Reisman and her colleagues have now completed the first total synthesis of (+)-perseanol, a molecule with a bridged pentacyclic carbon core and six alcohol groups, in just 16 steps. ‘The thing that can make these molecules really lengthy to prepare is if you have to spend a lot of time adjusting oxidation states and protecting groups,’ Reisman explains. ‘We wanted to install the alcohol groups in a way that is both stereoselective but also redox-efficient, meaning not using lots of protecting groups and not unnecessarily manipulating that oxidation state up and down.’
The chemists use two simple starting materials: pulegone, one of the essential oils in catnip, and a vinylogous ester. Each fragment is modified over six steps, and they are brought together in a lithium–iodide exchange followed by a carbopalladation–carbonylation cascade. These two steps build perseanol’s entire structure; the eight following steps then attach side chains.

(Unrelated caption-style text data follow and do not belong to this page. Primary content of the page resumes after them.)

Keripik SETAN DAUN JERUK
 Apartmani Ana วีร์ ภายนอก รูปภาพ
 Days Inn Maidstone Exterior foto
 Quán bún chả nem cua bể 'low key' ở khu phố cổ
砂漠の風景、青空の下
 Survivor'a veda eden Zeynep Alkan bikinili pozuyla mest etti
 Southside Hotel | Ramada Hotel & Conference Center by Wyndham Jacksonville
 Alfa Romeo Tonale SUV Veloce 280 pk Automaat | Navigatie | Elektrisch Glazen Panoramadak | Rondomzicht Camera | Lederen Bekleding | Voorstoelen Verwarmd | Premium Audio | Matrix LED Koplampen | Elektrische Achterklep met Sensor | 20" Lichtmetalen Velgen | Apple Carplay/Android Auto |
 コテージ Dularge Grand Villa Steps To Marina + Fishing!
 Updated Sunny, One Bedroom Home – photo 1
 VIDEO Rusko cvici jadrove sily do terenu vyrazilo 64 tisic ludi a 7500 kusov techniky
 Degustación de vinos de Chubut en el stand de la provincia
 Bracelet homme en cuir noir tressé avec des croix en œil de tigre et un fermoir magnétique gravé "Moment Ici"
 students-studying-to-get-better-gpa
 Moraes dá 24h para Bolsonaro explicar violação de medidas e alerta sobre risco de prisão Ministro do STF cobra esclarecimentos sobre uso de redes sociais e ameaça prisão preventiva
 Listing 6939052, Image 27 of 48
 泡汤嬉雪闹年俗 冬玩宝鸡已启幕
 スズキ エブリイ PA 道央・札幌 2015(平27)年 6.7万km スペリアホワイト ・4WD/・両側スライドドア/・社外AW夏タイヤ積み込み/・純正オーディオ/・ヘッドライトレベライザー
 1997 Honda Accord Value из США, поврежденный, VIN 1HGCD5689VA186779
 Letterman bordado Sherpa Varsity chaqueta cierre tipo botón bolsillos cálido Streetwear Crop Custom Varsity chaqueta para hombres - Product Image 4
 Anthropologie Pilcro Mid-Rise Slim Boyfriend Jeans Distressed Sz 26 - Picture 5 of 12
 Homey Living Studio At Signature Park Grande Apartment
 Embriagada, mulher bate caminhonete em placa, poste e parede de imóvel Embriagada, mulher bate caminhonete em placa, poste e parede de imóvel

‘The [cascade reaction] is particularly amazing, as it constructs the two rings and the quaternary carbon centre in a single step,’ says Masayuki Inoue from the University of Tokyo, Japan. Inoue, whose team synthesised a related compound last year, calls the work ‘one of the best examples of convergent total syntheses of terpenoids’.
Sadie Otte from the Keck Science Center, US, who recently completed a PhD in natural product synthesis, is similarly impressed by palladium-catalysed cyclisation cascade. ‘One of [Reisman’s total synthesis] strategies is to approach the first disconnection – breaking the molecule into two pieces of equal size and complexity – with the mind of a child,’ she says. ‘This avoids preconceived biases of what is possible … and has led to some creative retrosynthetic disconnections.’
Although the perseanol’s complexity would make it unsuitable as an agrochemical, Reisman says ‘it’s an excellent probe molecule to learn a little bit more about this family of molecules – whether it really acts on the ryanodine receptor or if it has insecticidal properties but does not act at that receptor’. If the latter is the case, tests could reveal new modes of action tackling pests that have become resistant to ryanodine-inhibiting compounds.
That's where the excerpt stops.